Although over the last years the Union has made progress in the process of increasing its competences and strengthening its institutional architecture, significant open issues remain in fundamental areas. Most importantly, the Union lacks autonomy from Member States – in essence a European sovereignty – and sufficient democratic legitimation and ability to act, even in the areas where integration to date is more advanced.
The Federalists propose to carry out a deep overhaul of the European institutions and decision-making processes to meet fundamental benchmarks of democratic governance systems: 1) own ability to take sovereign decision, 2) increased parliamentary legitimacy of decisions and better implementation; 3) streamlined decision-making processes; 4) reinforced accountability of the executive; and 5) clearer separation of the executive and the legislative powers. The most important measures to achieve these goals would be:
1. Switch to the Ordinary Legislative Procedure in all policy areas and in particular in the fields of Justice and Home Affairs, Citizens’ Rights, taxation, energy and environment and EU finances. If the Union is to get closer to its citizens, their voices, represented by the European Parliament, need to be taken into account in all decisions made. In addition, while unanimity in the Council in general leads to common minimum denominator decisions, Qualified Majority Voting allows more qualitative and positive-sum decisions to be made.

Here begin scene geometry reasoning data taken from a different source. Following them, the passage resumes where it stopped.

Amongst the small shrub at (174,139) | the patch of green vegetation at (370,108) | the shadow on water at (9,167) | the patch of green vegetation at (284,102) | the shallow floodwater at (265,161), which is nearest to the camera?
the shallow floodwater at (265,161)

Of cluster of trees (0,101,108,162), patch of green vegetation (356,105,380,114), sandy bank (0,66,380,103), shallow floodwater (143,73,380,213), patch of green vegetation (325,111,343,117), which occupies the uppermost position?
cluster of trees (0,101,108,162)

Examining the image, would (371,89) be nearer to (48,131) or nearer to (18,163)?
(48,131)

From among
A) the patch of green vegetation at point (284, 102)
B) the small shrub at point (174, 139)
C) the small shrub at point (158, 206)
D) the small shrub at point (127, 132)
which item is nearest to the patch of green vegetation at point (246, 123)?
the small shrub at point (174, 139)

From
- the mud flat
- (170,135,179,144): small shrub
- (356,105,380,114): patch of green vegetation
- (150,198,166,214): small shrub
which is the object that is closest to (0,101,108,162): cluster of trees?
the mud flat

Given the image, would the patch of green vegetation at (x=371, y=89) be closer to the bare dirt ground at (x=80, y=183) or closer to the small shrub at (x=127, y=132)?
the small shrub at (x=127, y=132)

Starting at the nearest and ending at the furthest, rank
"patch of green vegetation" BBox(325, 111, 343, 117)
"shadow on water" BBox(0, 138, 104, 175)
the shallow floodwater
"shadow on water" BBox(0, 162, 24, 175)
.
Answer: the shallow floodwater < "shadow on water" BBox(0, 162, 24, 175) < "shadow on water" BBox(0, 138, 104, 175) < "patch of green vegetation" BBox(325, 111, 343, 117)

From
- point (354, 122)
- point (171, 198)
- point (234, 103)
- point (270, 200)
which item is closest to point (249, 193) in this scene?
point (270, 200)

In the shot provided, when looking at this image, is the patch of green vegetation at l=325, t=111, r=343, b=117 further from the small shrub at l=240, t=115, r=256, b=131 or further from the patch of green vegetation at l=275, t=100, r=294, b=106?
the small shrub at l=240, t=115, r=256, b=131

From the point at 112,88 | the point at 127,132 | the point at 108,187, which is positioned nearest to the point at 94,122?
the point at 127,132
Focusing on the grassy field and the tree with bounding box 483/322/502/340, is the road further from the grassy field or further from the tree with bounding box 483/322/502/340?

2. Democratise the Council through the establishment of a single legislative configuration and a permanent representative for each Member State. In order to become a democratic and political institution, the Council needs to adopt a more transparent functioning, where responsibility for decisions made can be clearly assigned to political representatives.

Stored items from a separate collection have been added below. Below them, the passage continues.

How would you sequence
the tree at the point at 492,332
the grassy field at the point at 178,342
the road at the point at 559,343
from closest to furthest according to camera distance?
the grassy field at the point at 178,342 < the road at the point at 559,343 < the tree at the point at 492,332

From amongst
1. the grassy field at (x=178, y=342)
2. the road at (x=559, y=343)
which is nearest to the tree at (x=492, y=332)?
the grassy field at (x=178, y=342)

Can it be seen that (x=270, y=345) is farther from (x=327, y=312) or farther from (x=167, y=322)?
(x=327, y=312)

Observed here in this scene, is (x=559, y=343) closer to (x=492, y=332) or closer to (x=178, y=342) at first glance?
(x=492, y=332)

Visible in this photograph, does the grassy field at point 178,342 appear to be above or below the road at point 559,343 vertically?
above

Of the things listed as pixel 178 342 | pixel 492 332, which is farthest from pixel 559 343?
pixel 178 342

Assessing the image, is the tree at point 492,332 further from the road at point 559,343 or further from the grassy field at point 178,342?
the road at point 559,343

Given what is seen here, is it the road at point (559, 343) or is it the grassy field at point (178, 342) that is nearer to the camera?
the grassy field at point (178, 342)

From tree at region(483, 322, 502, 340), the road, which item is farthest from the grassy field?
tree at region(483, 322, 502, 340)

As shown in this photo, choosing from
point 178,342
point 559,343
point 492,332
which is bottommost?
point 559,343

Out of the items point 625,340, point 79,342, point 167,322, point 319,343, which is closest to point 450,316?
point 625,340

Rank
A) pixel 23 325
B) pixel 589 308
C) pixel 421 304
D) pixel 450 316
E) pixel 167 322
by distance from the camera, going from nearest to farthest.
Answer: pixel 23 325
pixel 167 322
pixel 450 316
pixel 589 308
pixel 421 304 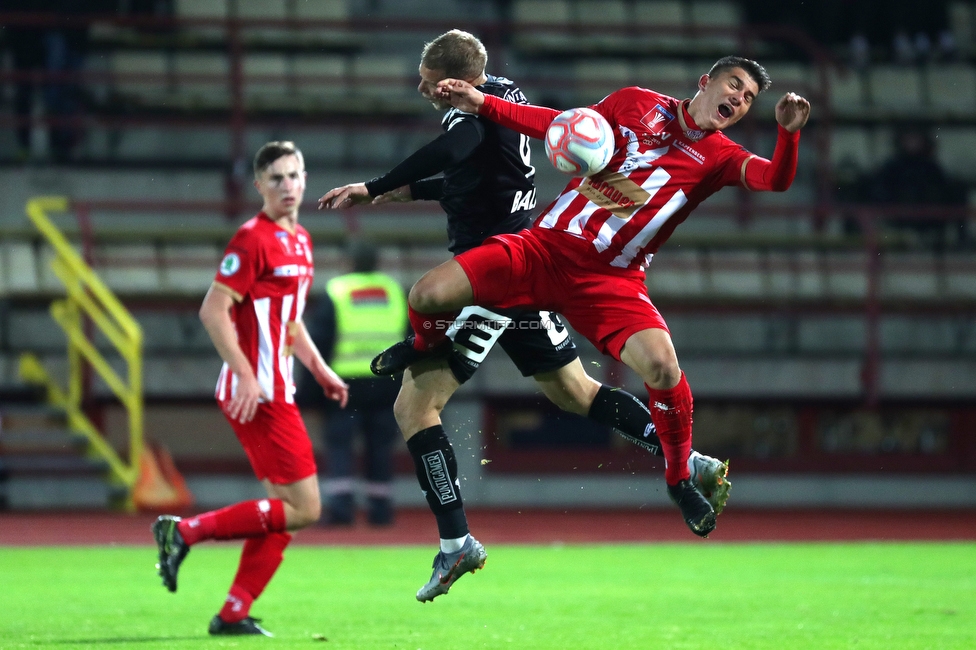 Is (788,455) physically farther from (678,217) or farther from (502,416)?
(678,217)

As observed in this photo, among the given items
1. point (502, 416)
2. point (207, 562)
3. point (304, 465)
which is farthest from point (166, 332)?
point (304, 465)

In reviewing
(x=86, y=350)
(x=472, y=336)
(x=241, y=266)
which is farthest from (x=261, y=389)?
(x=86, y=350)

3. Split legislative and executive powers. The executive competencies of the European Council and of the Council, including the Eurogroup, should be transferred to the Commission so that it can act as the sole executive of the Union. In parallel, Member States’ influence in the executive tasks now handled through various committee procedures should cease.
4. Transform the Commission into a true Government with a reduced composition, a greater role for the President-elect in the selection of the College, a simplified administrative structure, and a greater role in key EU policy areas. A reduction in size and a more political composition, reflecting the majority in the European Parliament, is essential for the Commission to break the link with national governments and embody the European interest.

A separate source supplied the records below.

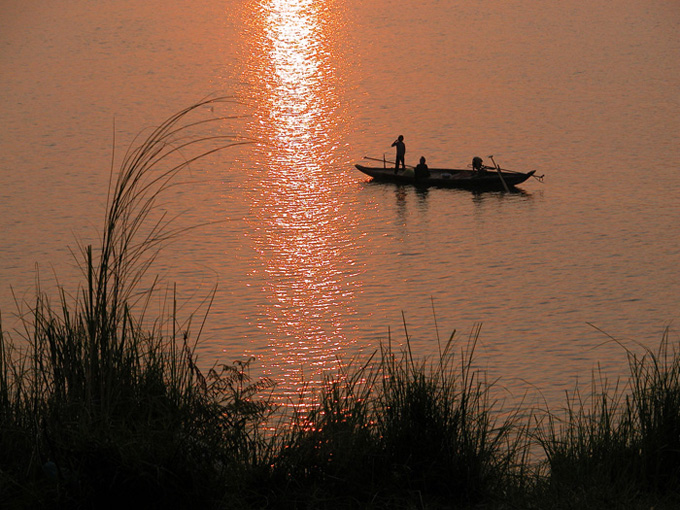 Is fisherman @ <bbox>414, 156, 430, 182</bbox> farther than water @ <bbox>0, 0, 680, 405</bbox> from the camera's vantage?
Yes

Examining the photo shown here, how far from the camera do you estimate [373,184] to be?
35000mm

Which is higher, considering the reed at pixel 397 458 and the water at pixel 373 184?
the water at pixel 373 184

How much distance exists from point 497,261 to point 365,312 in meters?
5.51

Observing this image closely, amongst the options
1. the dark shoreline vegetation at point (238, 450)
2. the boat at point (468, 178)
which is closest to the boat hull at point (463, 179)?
the boat at point (468, 178)

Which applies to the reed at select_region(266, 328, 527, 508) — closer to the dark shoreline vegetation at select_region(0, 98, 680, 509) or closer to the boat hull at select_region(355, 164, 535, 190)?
the dark shoreline vegetation at select_region(0, 98, 680, 509)

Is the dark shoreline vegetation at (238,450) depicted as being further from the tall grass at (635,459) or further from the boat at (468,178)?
the boat at (468,178)

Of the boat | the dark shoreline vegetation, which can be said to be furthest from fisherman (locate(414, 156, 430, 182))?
the dark shoreline vegetation

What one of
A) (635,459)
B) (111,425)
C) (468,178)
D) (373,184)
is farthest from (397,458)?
(373,184)

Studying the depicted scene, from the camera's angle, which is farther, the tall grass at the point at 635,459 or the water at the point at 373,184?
the water at the point at 373,184

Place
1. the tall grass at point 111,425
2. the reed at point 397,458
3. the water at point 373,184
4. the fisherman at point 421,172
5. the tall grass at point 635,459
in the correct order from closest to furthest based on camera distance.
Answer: the tall grass at point 111,425
the reed at point 397,458
the tall grass at point 635,459
the water at point 373,184
the fisherman at point 421,172

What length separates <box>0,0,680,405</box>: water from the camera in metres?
20.9

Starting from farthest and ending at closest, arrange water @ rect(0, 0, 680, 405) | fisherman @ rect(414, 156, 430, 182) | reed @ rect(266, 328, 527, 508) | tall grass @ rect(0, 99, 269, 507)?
fisherman @ rect(414, 156, 430, 182) → water @ rect(0, 0, 680, 405) → reed @ rect(266, 328, 527, 508) → tall grass @ rect(0, 99, 269, 507)

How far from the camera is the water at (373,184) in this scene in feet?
68.6

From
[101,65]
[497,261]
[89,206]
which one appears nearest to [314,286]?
[497,261]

5. Creation of pan-European/transnational lists for European Parliament elections, offering European citizens the opportunity to cast a second vote for the same set of candidates and contributing to Europeanisation of the political debate. Transnational lists could be combined with the Spitzenkandidaten system started in the 2014 elections.
6. The upcoming Conference on the Future of Europe should e should draw input, in the initial phase of its work, from the demands for a more effective and democratic European Union raised by European citizens in the Eurobarometer surveys, the Citizens’ Dialogues and the Citizens’ Consultations. It should lead to drafting the proposals for a Constitutional Treaty which would comprehensively include all the reforms which emerge as necessary in the course of the work of the Conference. This new Treaty would amend the legal framework of the EU, including self-determining the arrangements for its ratification and entry into force so as to overcome the obstacle of unanimity; in any case, these arrangements have to be fully compatible with the goal of ensuring the unity, effectiveness and democratic legitimacy of the European Union.